There was some issue with a certain batch of Android leashes a couple of years ago but that was fixed. I've run Viper Androids on my tools the whole time and don't recall them ever coming un-clipped when I didn't want them to (unless I did something very weird like choking-up and grapping the clip). Only down-side is that you can't reach the head of the tool with the leash attached. Minor annoyance and hadn't really caused me any big problems.

BD picks are great and fit all of their tools and they haven't changed the attachement system in years and years.

All that said, I have a pair of the new Cobras on order.

I also like the Nomics for steep ice and mixed. For me, the lack of a spike on the bottom makes them impractical for alpine use. This doesn't bother some other people though.

Of course the Quark is also an excellent tool.

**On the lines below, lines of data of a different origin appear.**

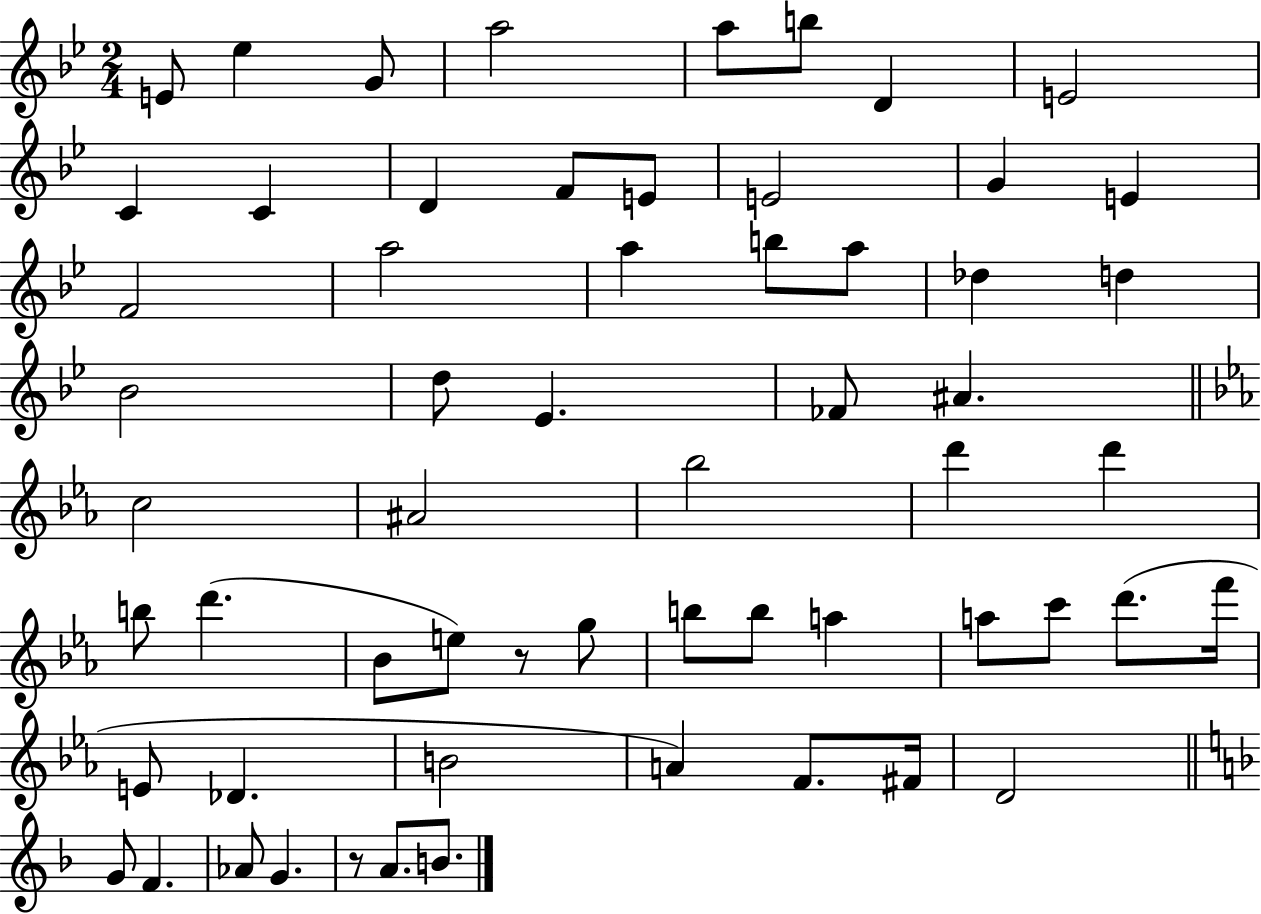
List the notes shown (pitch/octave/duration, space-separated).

E4/e Eb5/q G4/e A5/h A5/e B5/e D4/q E4/h C4/q C4/q D4/q F4/e E4/e E4/h G4/q E4/q F4/h A5/h A5/q B5/e A5/e Db5/q D5/q Bb4/h D5/e Eb4/q. FES4/e A#4/q. C5/h A#4/h Bb5/h D6/q D6/q B5/e D6/q. Bb4/e E5/e R/e G5/e B5/e B5/e A5/q A5/e C6/e D6/e. F6/s E4/e Db4/q. B4/h A4/q F4/e. F#4/s D4/h G4/e F4/q. Ab4/e G4/q. R/e A4/e. B4/e. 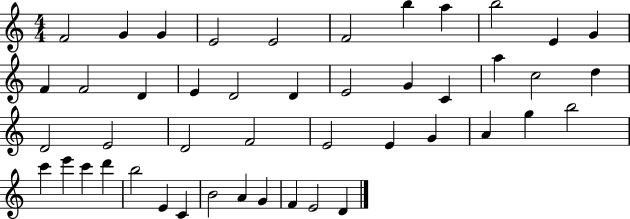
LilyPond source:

{
  \clef treble
  \numericTimeSignature
  \time 4/4
  \key c \major
  f'2 g'4 g'4 | e'2 e'2 | f'2 b''4 a''4 | b''2 e'4 g'4 | \break f'4 f'2 d'4 | e'4 d'2 d'4 | e'2 g'4 c'4 | a''4 c''2 d''4 | \break d'2 e'2 | d'2 f'2 | e'2 e'4 g'4 | a'4 g''4 b''2 | \break c'''4 e'''4 c'''4 d'''4 | b''2 e'4 c'4 | b'2 a'4 g'4 | f'4 e'2 d'4 | \break \bar "|."
} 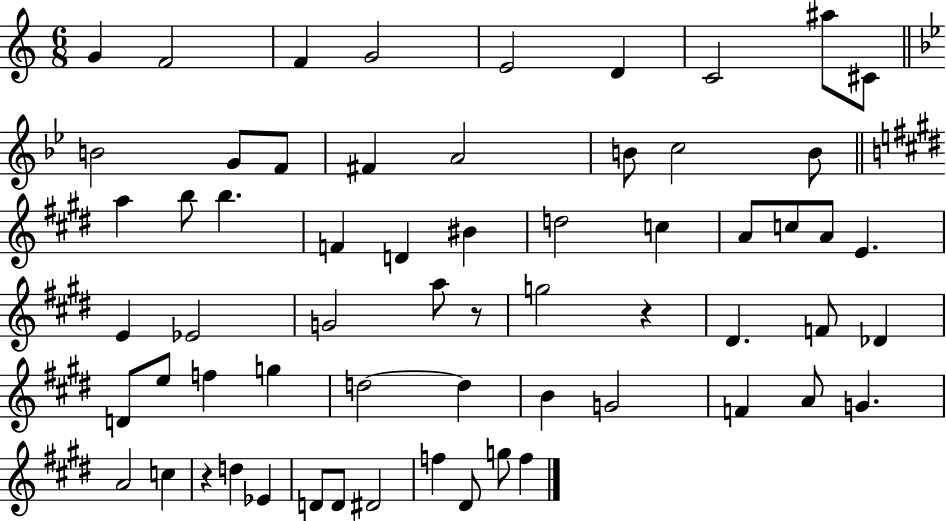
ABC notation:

X:1
T:Untitled
M:6/8
L:1/4
K:C
G F2 F G2 E2 D C2 ^a/2 ^C/2 B2 G/2 F/2 ^F A2 B/2 c2 B/2 a b/2 b F D ^B d2 c A/2 c/2 A/2 E E _E2 G2 a/2 z/2 g2 z ^D F/2 _D D/2 e/2 f g d2 d B G2 F A/2 G A2 c z d _E D/2 D/2 ^D2 f ^D/2 g/2 f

Just depends on what works for you.

By Jim Davidson
Nov 7, 2007

I have climbed with BD Cobras for about 7 years now - I have beat on them pretty good, and no carbon breakage issues. I love them and am buying a new pair this year. They are great for everyhting steep, but fair for low angle stuff (WI 2 or so) - you have to do a little pull back towards yourself at the end of your swing to hook the pick in - it works fine, but you have to think about it some.

By David Appelhans
Nov 11, 2007
Sawtooth traverse

Why doesn't anyone like the BD reactors?

By Taino
From South Salem, NY
Nov 11, 2007
A mug shot for my profile.

David Appelhans wrote:
Why doesn't anyone like the BD reactors?


Not enough clearance.

No adjustable grips for size of hands.

Crappy grip.

Speaking only for myself, of course.

T (Quark user)

By Chris M
From gunnison, by the rodeo grounds
Nov 11, 2007
The king visited us at red rocks

If you're on a budget I'd try the Trango scorpions. My wife has a pair and I added the petzl ice clipper leashes so she could use leashes. They're a real simple functional tool for $144 each. I don't know why Trango doesn't advertise these more?

By Jim Amidon
Nov 11, 2007
What ??

Drop any idea about leashes, period.....Get a tool that fits your hand,(they pretty much are all great) and get after it.....

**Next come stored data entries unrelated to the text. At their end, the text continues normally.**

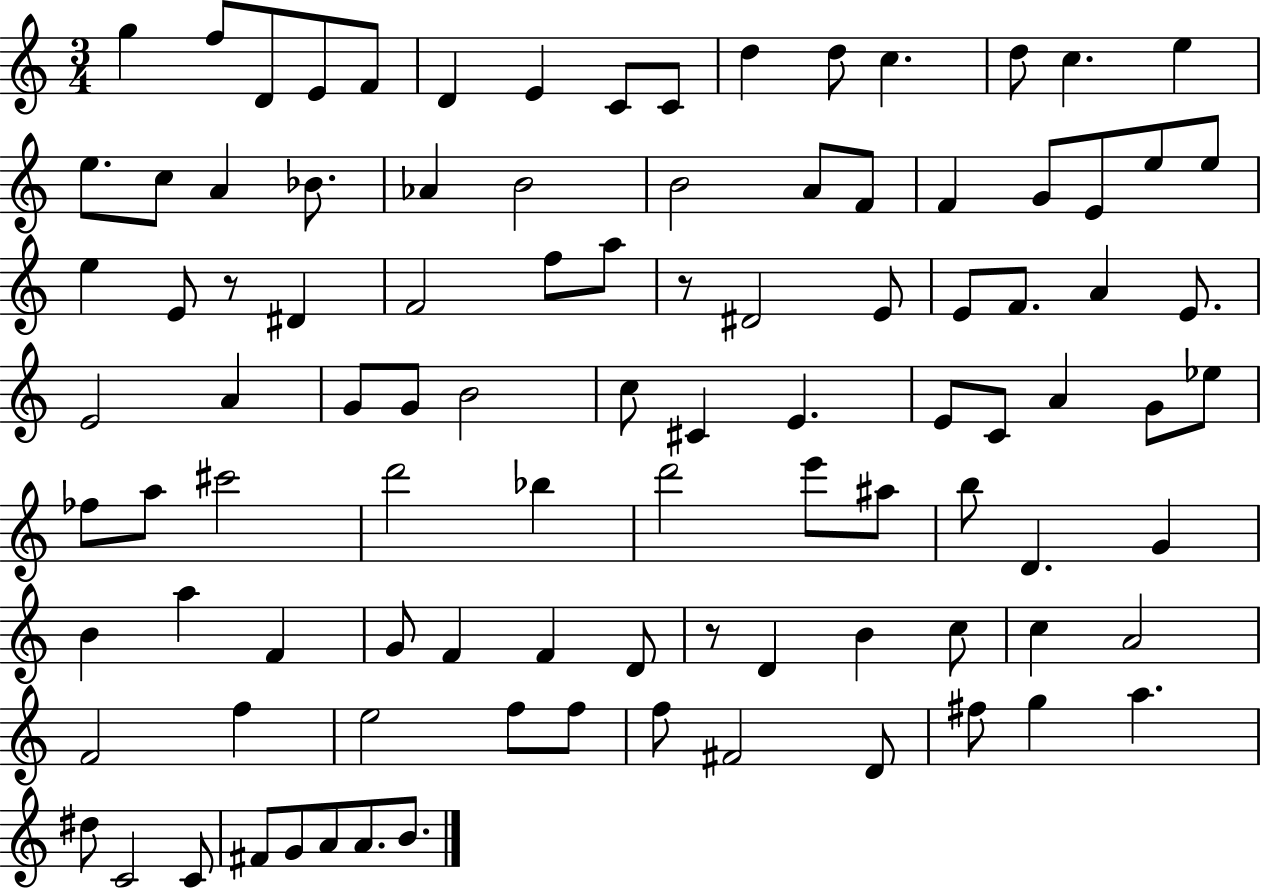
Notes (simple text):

G5/q F5/e D4/e E4/e F4/e D4/q E4/q C4/e C4/e D5/q D5/e C5/q. D5/e C5/q. E5/q E5/e. C5/e A4/q Bb4/e. Ab4/q B4/h B4/h A4/e F4/e F4/q G4/e E4/e E5/e E5/e E5/q E4/e R/e D#4/q F4/h F5/e A5/e R/e D#4/h E4/e E4/e F4/e. A4/q E4/e. E4/h A4/q G4/e G4/e B4/h C5/e C#4/q E4/q. E4/e C4/e A4/q G4/e Eb5/e FES5/e A5/e C#6/h D6/h Bb5/q D6/h E6/e A#5/e B5/e D4/q. G4/q B4/q A5/q F4/q G4/e F4/q F4/q D4/e R/e D4/q B4/q C5/e C5/q A4/h F4/h F5/q E5/h F5/e F5/e F5/e F#4/h D4/e F#5/e G5/q A5/q. D#5/e C4/h C4/e F#4/e G4/e A4/e A4/e. B4/e. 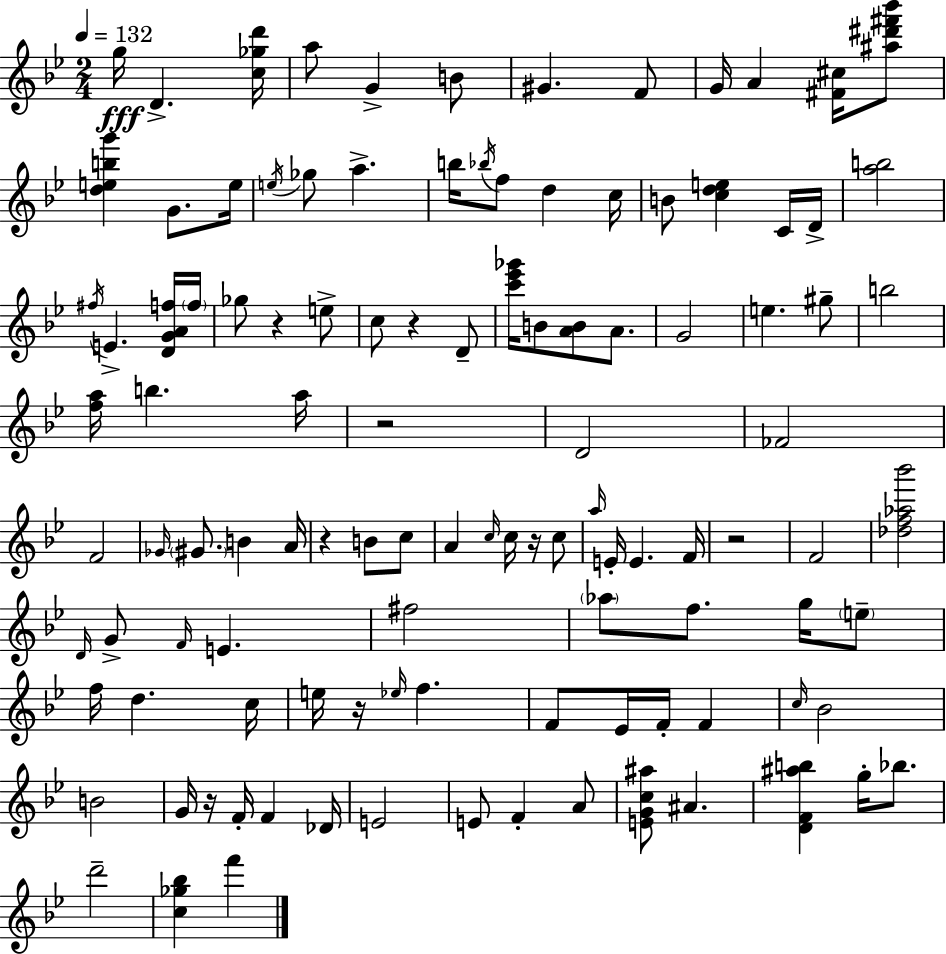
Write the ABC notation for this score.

X:1
T:Untitled
M:2/4
L:1/4
K:Bb
g/4 D [c_gd']/4 a/2 G B/2 ^G F/2 G/4 A [^F^c]/4 [^a^d'^f'_b']/2 [debg'] G/2 e/4 e/4 _g/2 a b/4 _b/4 f/2 d c/4 B/2 [cde] C/4 D/4 [ab]2 ^f/4 E [DGAf]/4 f/4 _g/2 z e/2 c/2 z D/2 [c'_e'_g']/4 B/2 [AB]/2 A/2 G2 e ^g/2 b2 [fa]/4 b a/4 z2 D2 _F2 F2 _G/4 ^G/2 B A/4 z B/2 c/2 A c/4 c/4 z/4 c/2 a/4 E/4 E F/4 z2 F2 [_df_a_b']2 D/4 G/2 F/4 E ^f2 _a/2 f/2 g/4 e/2 f/4 d c/4 e/4 z/4 _e/4 f F/2 _E/4 F/4 F c/4 _B2 B2 G/4 z/4 F/4 F _D/4 E2 E/2 F A/2 [EGc^a]/2 ^A [DF^ab] g/4 _b/2 d'2 [c_g_b] f' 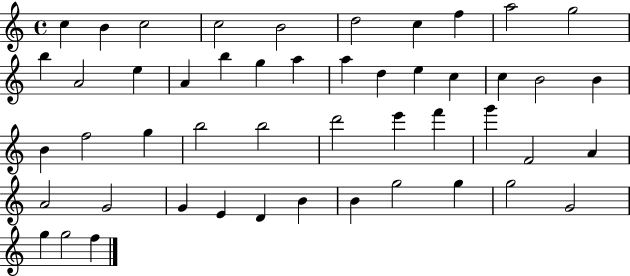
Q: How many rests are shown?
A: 0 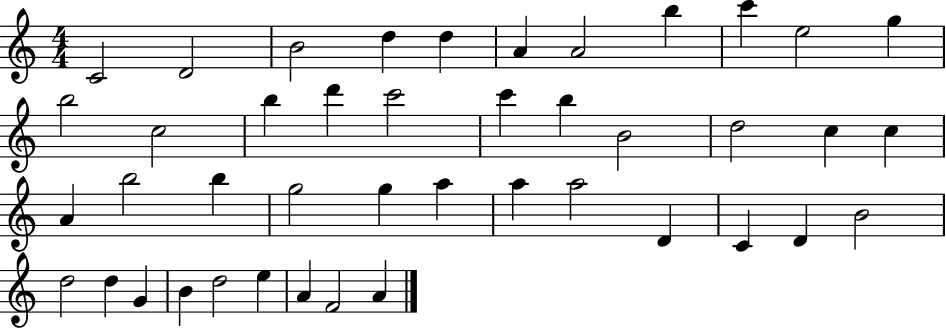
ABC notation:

X:1
T:Untitled
M:4/4
L:1/4
K:C
C2 D2 B2 d d A A2 b c' e2 g b2 c2 b d' c'2 c' b B2 d2 c c A b2 b g2 g a a a2 D C D B2 d2 d G B d2 e A F2 A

Best way to decide, but your screwed now is to go to an ice fest and swing some of the tools so you can feel how your body responds to the different tools.....

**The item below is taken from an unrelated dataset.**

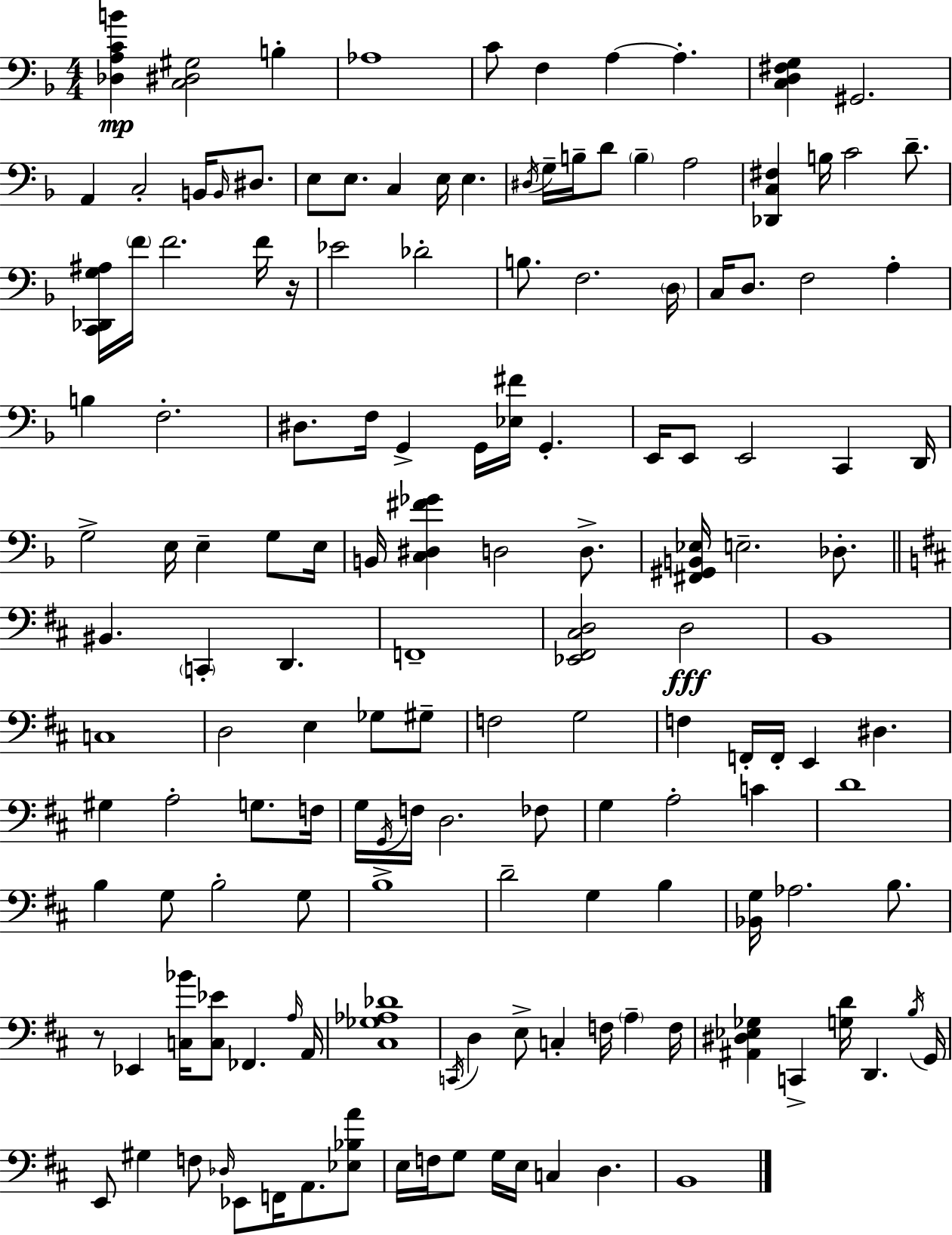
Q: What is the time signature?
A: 4/4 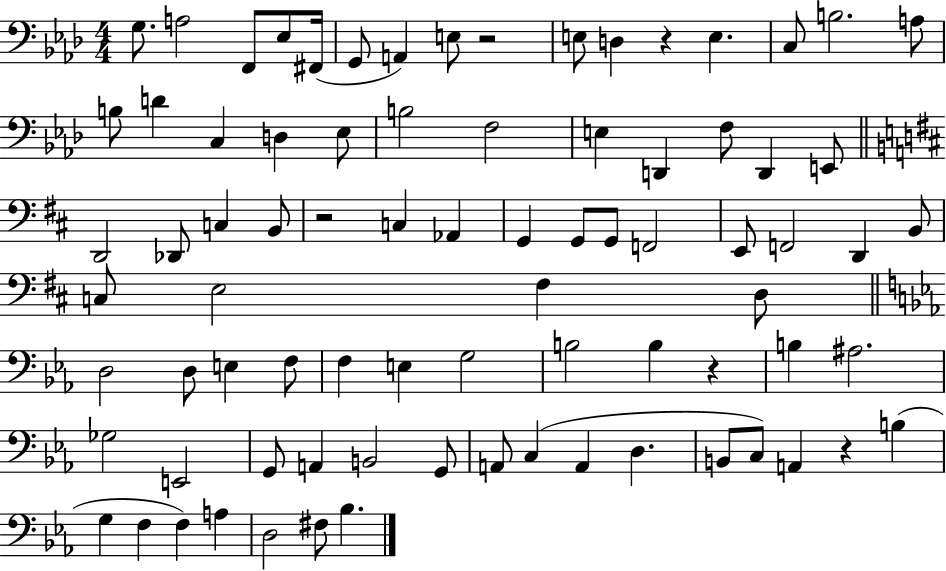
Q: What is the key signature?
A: AES major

I was a Charlet Moser fan for 12 years then switched to the Vipers and I'm quite happy with what the tool does for me.

By Jovan
Nov 16, 2007

Not the deciding factor, but Black Diamond does have the best pick attaching system on the market. To second Avery's point, they have kept the same system since sometime in the 80's. (back when it was Chouinard Equipment.) The best part, though, is that it requires no tools to swap picks and only the pick and 1 screw that can be dropped.

By Mike Larson
From Minneapolis, MN
Nov 28, 2007
Cupcake Corner, Vail

I'll put in my vote for the Nomics. Demoed a million different tools last year to complement my Alp Wings for steeper stuff. The nomics were head and shoulders above the rest. Bought em this fall and so far they have only confirmed my initial impression that they are miracle workers. They have the most efficient swing I've ever used and they are insanely stable when it comes to mixed. The picks also remove better than any I've dealt with. I've literally increased my leading ability on steep ice/mixed by one grade just by switching to the tools. Now I have to find excuses to bring along my Wings (ie. I need to bash some pitons, need the spike to plunge with) because I can't bear parting with my Nomics.